Bitter Fruit

Published by Cogito in the blog Cogito's blog. Views: 251

This is a short piece I wrote in March, 2008. My goal was to write a scene in third person without any direct reference to what the main character was thinking, but still try to clearly convey his thoughts and feelings. I'm posting this not because I think it's a great piece of writing, but because it illustrates the difficulties of a third person objective narrative voice.

Bitter Fruit

Steven clicked the Submit Payment button, then set aside the power bill and picked up the next envelope from the stack. He slit it open with the letter opener and pulled out another bill. After glancing at the total on the front, he turned to the next page, and then froze with a stunned look. Hearing the doorknob turn, he quickly set the paper down on the desk. Janet poked her head around the door.
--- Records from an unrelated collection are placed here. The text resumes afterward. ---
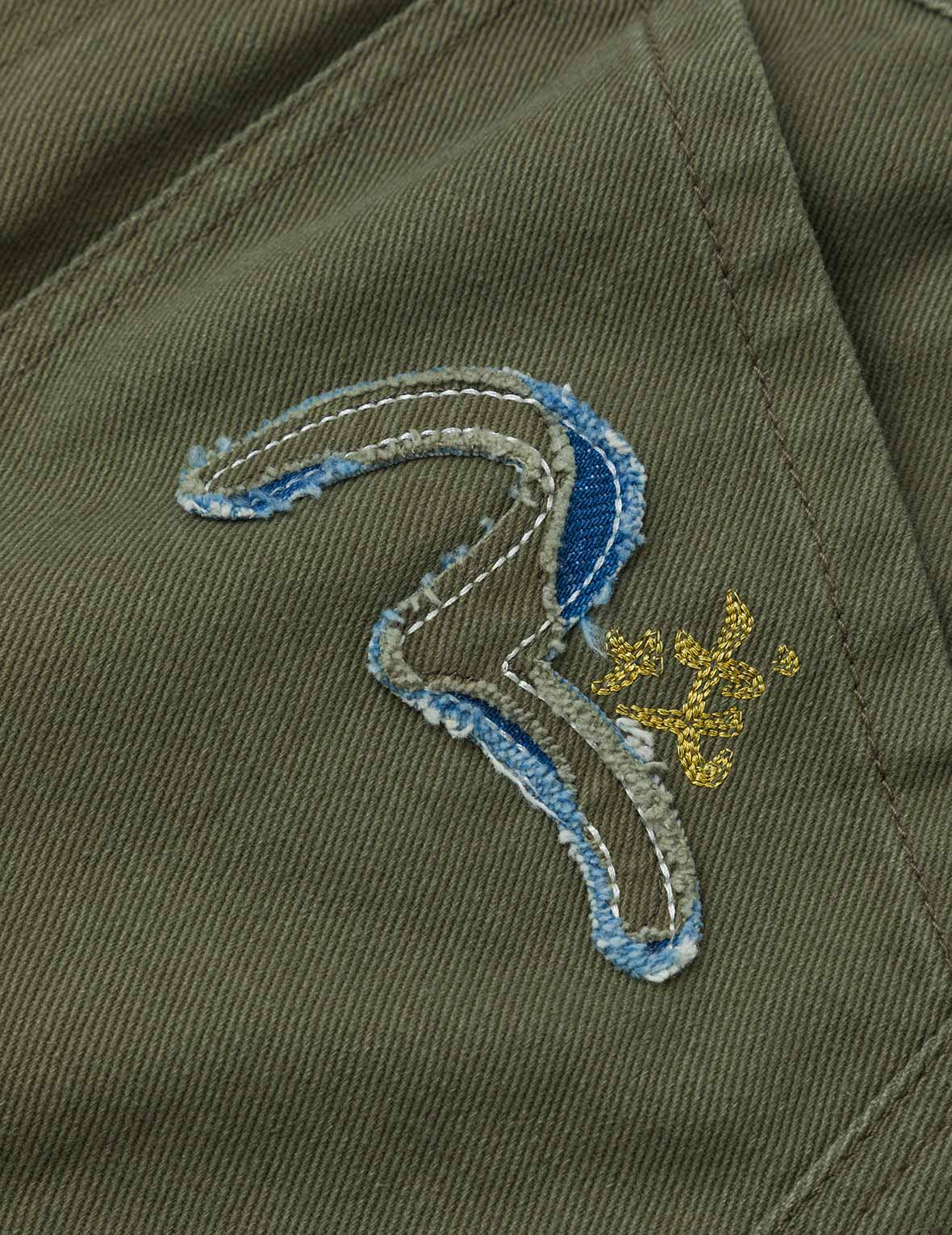 Seagull Appliqué Embroidery Wide-leg Woven Jogger
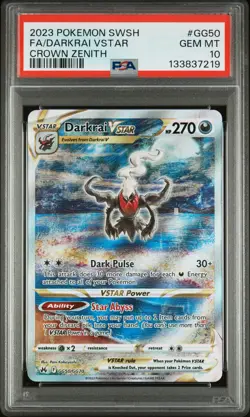 2023 POKEMON SWORD & SHIELD CROWN ZENITH #GG50 FULL ART/DARKRAI VSTAR PSA 10 - Image 1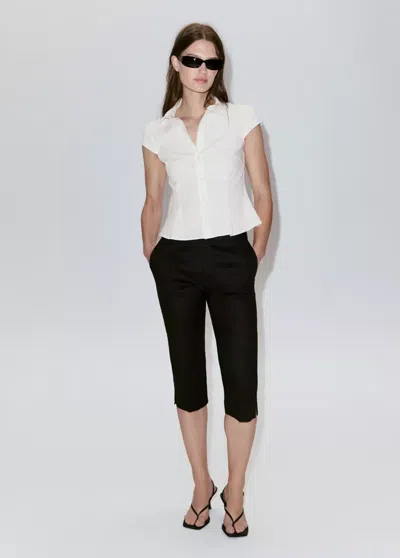 Mango Fitted Short-sleeved Shirt In White
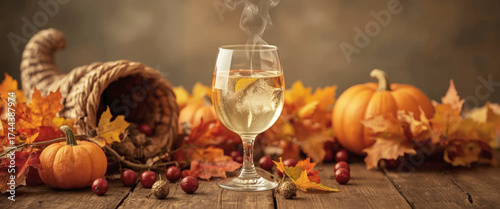 Warm autumn drink surrounded by colorful leaves and pumpkins on a rustic wooden table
“Still paying out the bills?” she asked.

He nodded wordlessly. She had on her suede coat, and was carrying a small handbag. “You heading out?”
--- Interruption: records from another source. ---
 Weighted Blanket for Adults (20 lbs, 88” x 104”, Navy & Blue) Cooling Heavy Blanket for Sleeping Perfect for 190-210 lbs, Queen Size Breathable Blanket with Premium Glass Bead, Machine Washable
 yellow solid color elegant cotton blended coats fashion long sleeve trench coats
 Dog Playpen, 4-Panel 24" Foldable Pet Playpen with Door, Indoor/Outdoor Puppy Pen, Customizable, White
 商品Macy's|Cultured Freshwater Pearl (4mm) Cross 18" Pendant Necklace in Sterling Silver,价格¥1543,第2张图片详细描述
She looked down at her purse and began rummaging through it. “Kelly called. She’s having a rough time and needs a shoulder to cry on.” She retrieved her keys and turned away. “Don’t wait up. I’ll probably stay there tonight, especially if we have a couple drinks.” She half turned her head around, not quite looking at him, with a tight smile. “Besides, you aren’t a pile of fun to be around when you’re doing the bills.” She walked briskly down the hall, and Steven heard the door open and close.

He stood and walked slowly to the front room. He watched her through a gap in the living room curtains as she settled into her Honda and backed out of the driveway. After she turned the corner, he continued to stare out into the gathering dusk. Finally, he turned away and retrieved a rocks glass from over the liquor cabinet. He wiped the thin layer of dust out of it with the end of his shirt, selected a bottle of Cuervo Gold and splashed two fingers into the glass.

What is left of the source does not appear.